The possibility of simply asserting a bare claim of a party affiliation, without having voted in a primary or being certified by a county party chair, was removed by the state legislature in 2017.
What remedies are available?
The 2017 amendment to the statute, through P.L. 193–2017, reduced the number of party affiliation criteria to two—those about primary voting and party chair certification.
That’s also the amendment that gave authority for the first time to county party chairs to make an appointment to fill a vacancy on a board or commission.
And that 2017 amendment, enacted a year after Kappas was appointed, factors into Bloomington’s discussion about whether Ellis has the authority to make the appointment to fill the vacancy left by Kappas.
In 2016, when Kappas was appointed, Ellis did not have any statutory authority to make the appointment, because that part of the statute didn’t even exist. From Bloomington’s motion to dismiss: “Indiana Code, Section 36-1-8-10(d), upon which Petitioners rely for this assertion, did not exist until July 2017, over a year after Kappas’s appointment.”
Bloomington says, in its motion to dismiss, that up to 2017 the correct legal remedy for dealing with a situation where the mayor had not filled a vacancy—no matter what the party affiliation of the departing member—would have been to file a mandamus action.

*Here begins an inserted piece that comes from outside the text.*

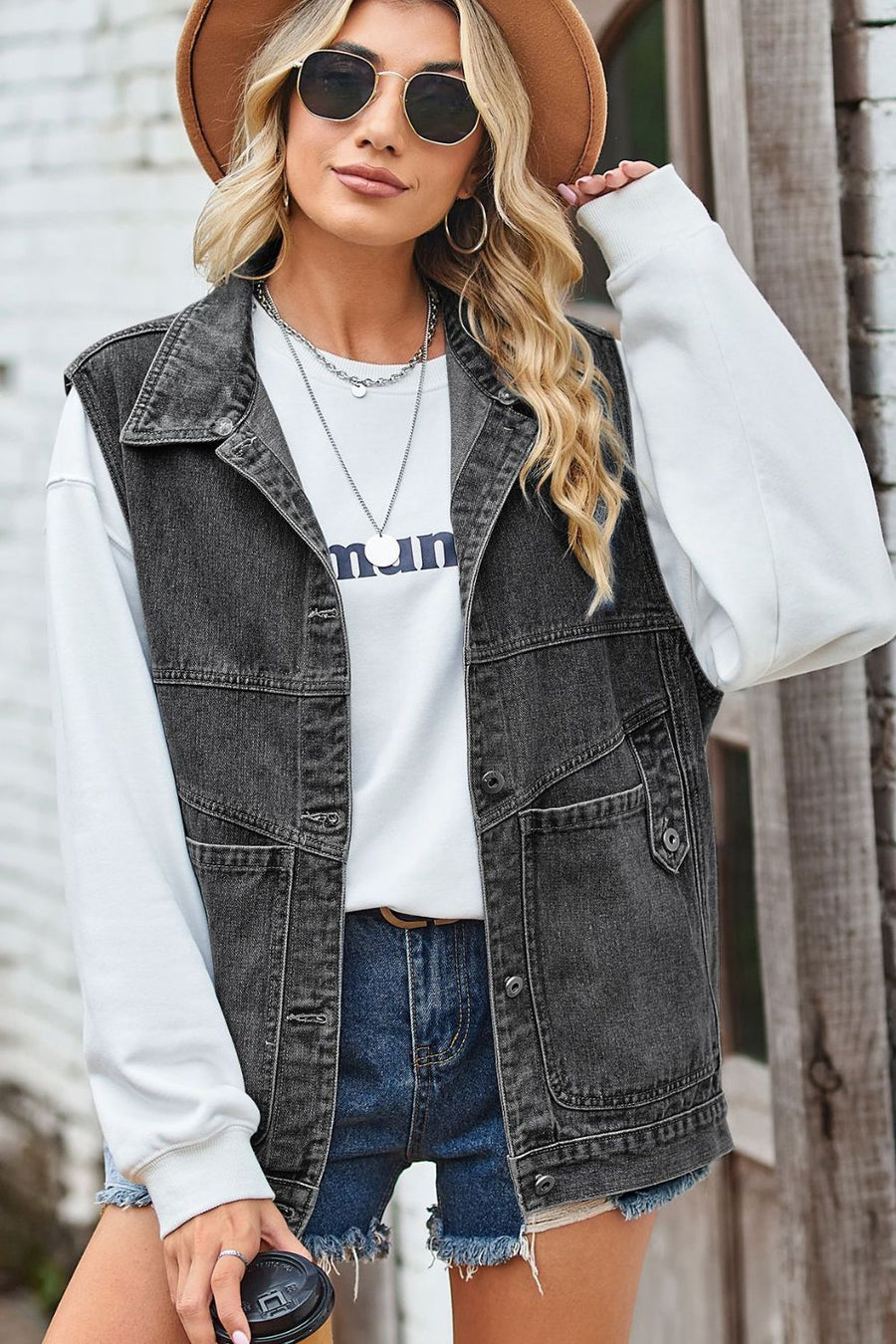 Dark denim vest with button front and chest pockets, worn over a white sweatshirt.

That’s a kind of lawsuit that seeks to compel a public official to perform a specific duty under the law.
It’s only the 2017 amendment that gave the county chair of a party the authority to fill a vacancy, and then only in situations where the departing member is affiliated with the same party as the county chair.
The attempted appointment of Guenther by Republican Party chair Ellis came after 90 days passed, with no action by the mayor to make an appointment. But Bloomington says that’s a situation that can’t be remedied by Ellis’s appointment, because Kappas, the departing member, was not a Republican.
Based on Bloomington’s motion to dismiss, the correct way for Ellis to have proceeded, when the position was still vacant, would have been the same as before 2017, namely to file a mandamus action:
Therefore the correct legal procedure to follow under the current law when there is a vacant seat of a member without party affiliation is not to rewrite the statute as Petitioners propose, but to follow the same procedure the statute operated under for the 31 years before the addition of subpart (d) in 2017. In other words, where a member lacks a party affiliation, the appointing authority retains its legal duty to make the appointment, and can be required by mandamus action to make an appointment…”
But given that Hamilton has already made an appointment, he’s already met the demand that a mandamus action would have made in this situation.
There’s more to the case besides those two questions.
An additional question raised by Ellis and Guenther is whether Cockerham met the affiliation criteria as a Republican at the time he was appointed. Cockerham had voted early in the June 2 Republican Party primary, but before that voted in the 2019 Democratic Party Primary. Previous coverage of the case is available in The Square Beacon’s archives.
As of July 12, the online court system does not show as a separate entry the Aug. 5 hearing date for the motion on a preliminary injunction.
But the hearing date is mentioned in Guenther and Ellis’s motion as follows: “As determined at the most recent attorney conference, hearing on the instant request has been set for Aug. 5, 2020.” The Aug. 5 date is also mentioned in Bloomington’s motion to convert the hearing to one about its motion to dismiss the complaint.
The preliminary injunction, if granted, would stop the plan commission from meeting until the lawsuit is resolved, or keep Cockerham from participating in plan commission proceedings until the lawsuit is resolved.